Подъём. Построение. Доклад по отделениям. Осмотр оружия. Осмотр ног — ноги проверял лично, потому что мокрые ноги в октябре хуже немцев. Чистка орудий, хотя из орудий вторые сутки не стреляли. Выдача пищи. Наряд на охранение. Отбой.
Всё это было в лесу, под дождём, посреди немецкого тыла, и всё это было бессмысленно ровно настолько, насколько бессмысленно всё, что удерживает восемьдесят человек от превращения в восемьдесят одиночек.
— Товарищ старший лейтенант, — сказал ему на седьмые сутки сержант Крамаренко, из пехоты. — Мужики спрашивают: зачем панорамы протирать, если снарядов сорок один?
— Сорок один снаряд — это сорок один выстрел, — сказал Ковалёв. — А непротёртая панорама — это тридцать выстрелов из сорока одного. Одиннадцать снарядов, Крамаренко. За одиннадцать снарядов мы с тобой пройдём километров пять.
Крамаренко подумал.
— Понял, — сказал он. — Мужикам объясню.
Он и объяснил, и с тех пор панорамы протирали без напоминаний, и Ковалёв в очередной раз убедился в том, что знал ещё в прошлой жизни: приказ, который человек понял, выполняется втрое лучше приказа, который человек просто получил.

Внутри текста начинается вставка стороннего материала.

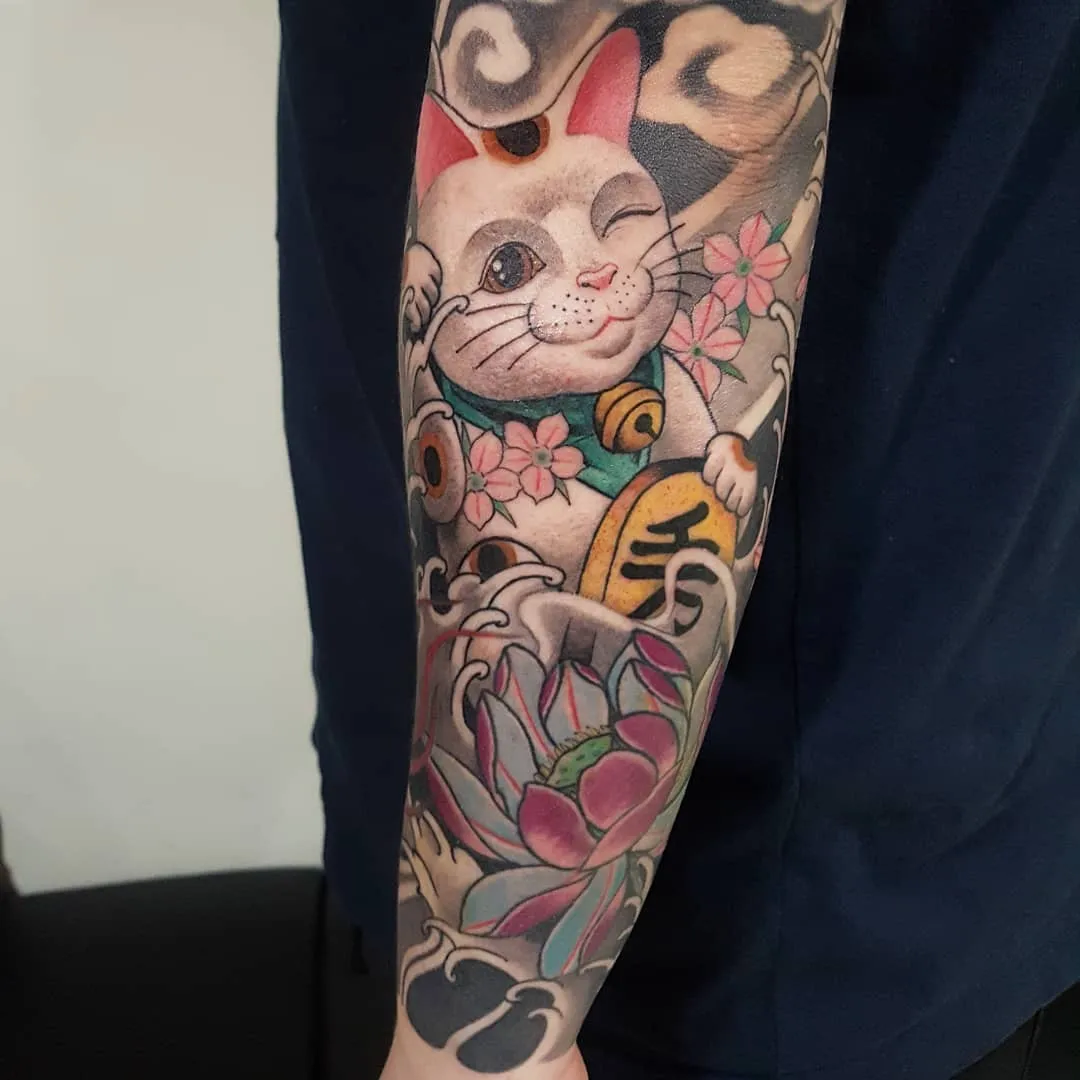 Cat and lotus flower japanese irezumi tattoo on the forearm by zamix_traditional, San Francisco, California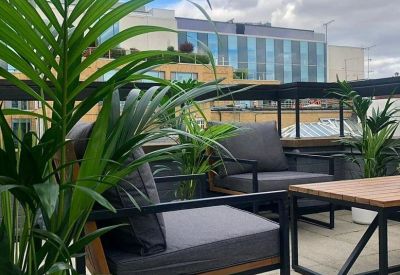 Rooftop terrace at Duke House, 33 Duke Street, London featuring lounge chairs and lush greenery.
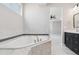 Bright bathroom features a soaking tub, tiled surround, and double vanity sink at 2990 S Juliet Ct, Strasburg, CO 80136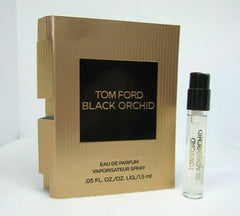 Tom Ford Black Orchid promo vial cap closeup shows compact travel design.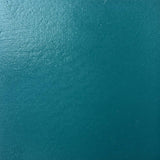 A close up photograph showing our teal paint sample.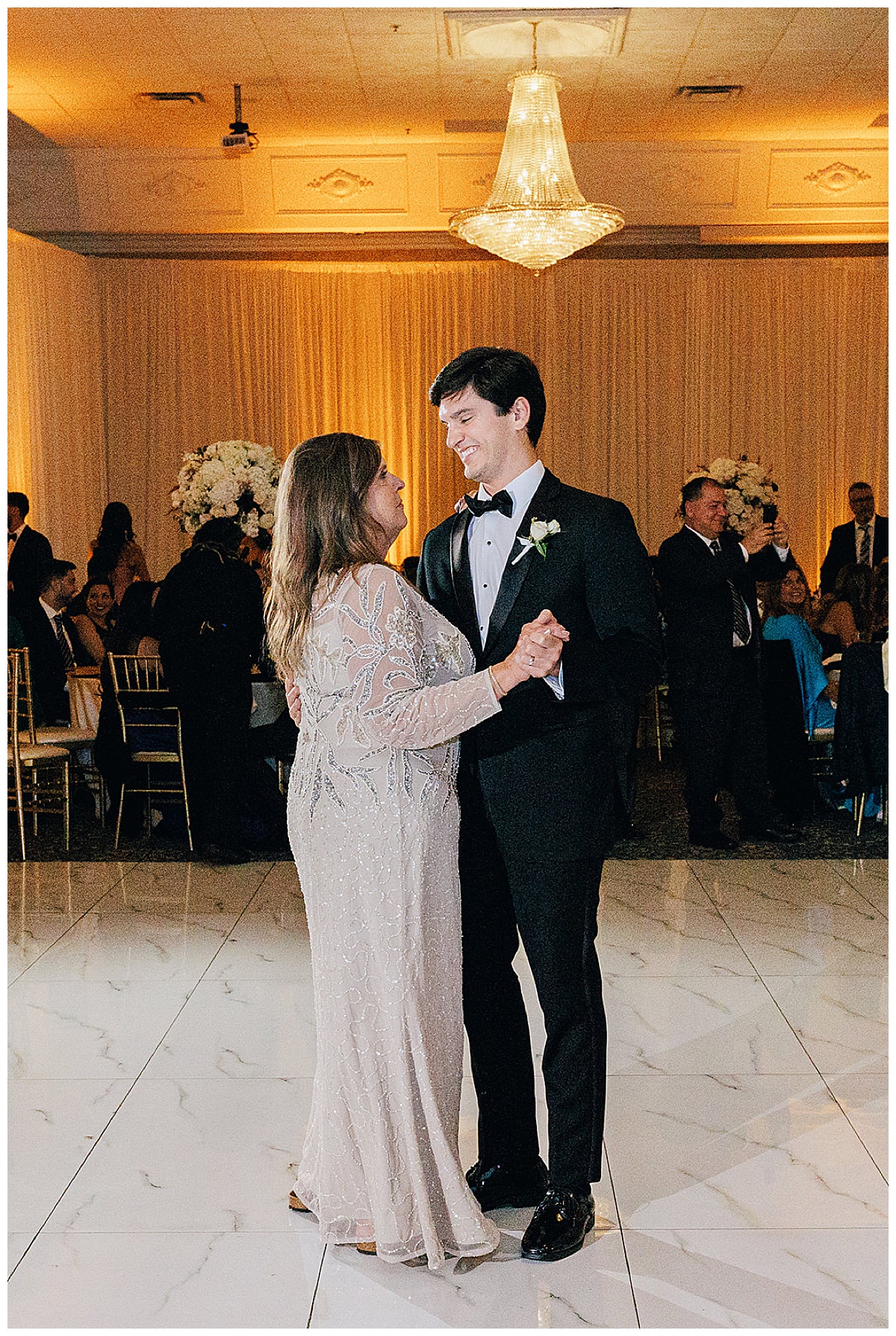 Mother and son dance together for Kayla Bouren Photography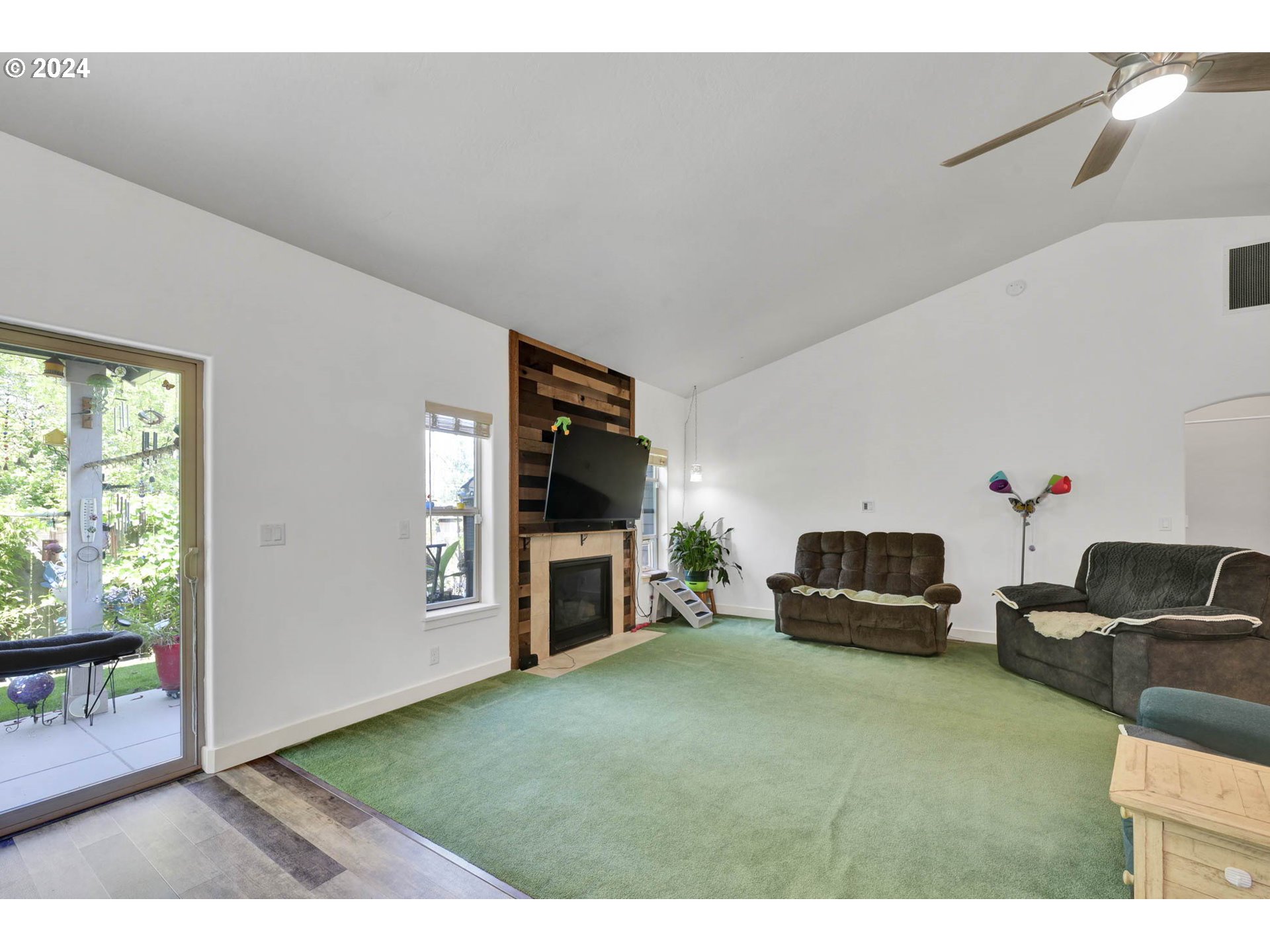 945 Pennington Court Eugene, OR 97404 - Photo 10 of 40 a living room with furniture a flat screen tv and a fireplace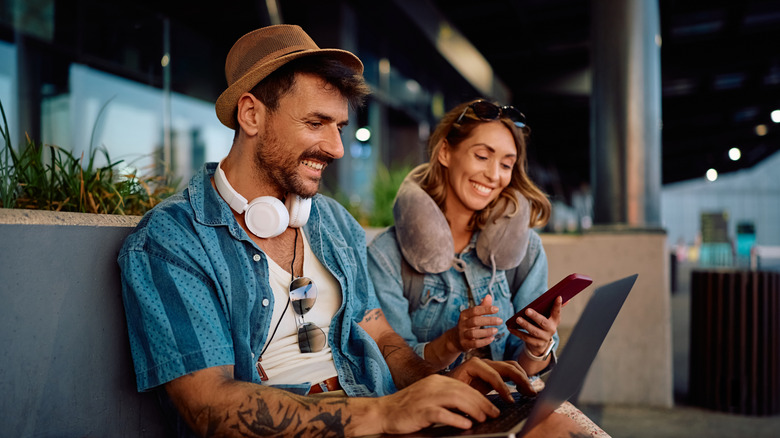 A couple with a laptop, phone, headphones, and other tech at an airport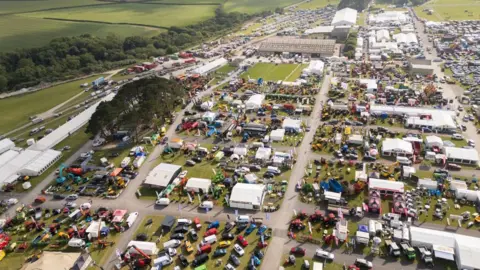 Royal Cornwall Show An aerial photo of the showground, showing lots of vehicles on display, and marquees, laid out on grass with concrete paths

На восьмые сутки к ним вышла группа Сулимова.
Их было около полутора сотен — большая группа, шумная, с ранеными на самодельных носилках, и вёл их интендант второго ранга Сулимов, человек лет пятидесяти, полный, с одышкой, в командирской шинели и с планшетом.
По званию он был старше. Значительно старше: интендант второго ранга приравнивался к майору.
— Кто старший? — спросил он, оглядев поляну, орудия под ветками, часовых на опушке и построенных для осмотра людей.
— Старший лейтенант Ковалёв, командир батареи ПТО пятьсот двенадцатого стрелкового полка.
— Принимаю командование объединённой группой, — сказал Сулимов. — Доложите наличие.
Ковалёв доложил. Восемьдесят один человек, из них раненых четверо. Три орудия. Сорок один снаряд. Продовольствия нет, третьи сутки на подножном.
— Орудия бросить, — сказал Сулимов.
Стало очень тихо. Дождь шумел по листве.
— Товарищ интендант второго ранга, разрешите доложить обоснование.
— Не разрешаю. — Сулимов дышал тяжело, и было видно, что он не спал столько же, сколько все, и что он боится, и что боится он не немцев, а того, что уже привык бояться. — Мы с пушками не пройдём. Немец на всех дорогах. Единственный способ выйти — рассыпаться мелкими группами по пять-шесть человек и просачиваться. Мелкую группу не обнаружат. Крупную обнаружат обязательно.
— И перебьют мелкие группы по одной, — сказал Ковалёв.
— Что?
— По одной перебьют, товарищ интендант второго ранга. Мелкая группа из шести человек без пулемёта, без связи и без командира — это не группа, это шесть человек, которые идут по чужому лесу и надеются. Первый же немецкий пост берёт её целиком. А двести человек с тремя орудиями пройдут там, где им откроют дорогу их собственным огнём.
— Вы мне возражаете?
— Я вам докладываю обоснование.
Сулимов побагровел, и Ковалёв понял, что сейчас будет плохо, и оно было бы плохо — но тут произошло то, чего он не планировал и о чём потом вспоминал с неловкостью.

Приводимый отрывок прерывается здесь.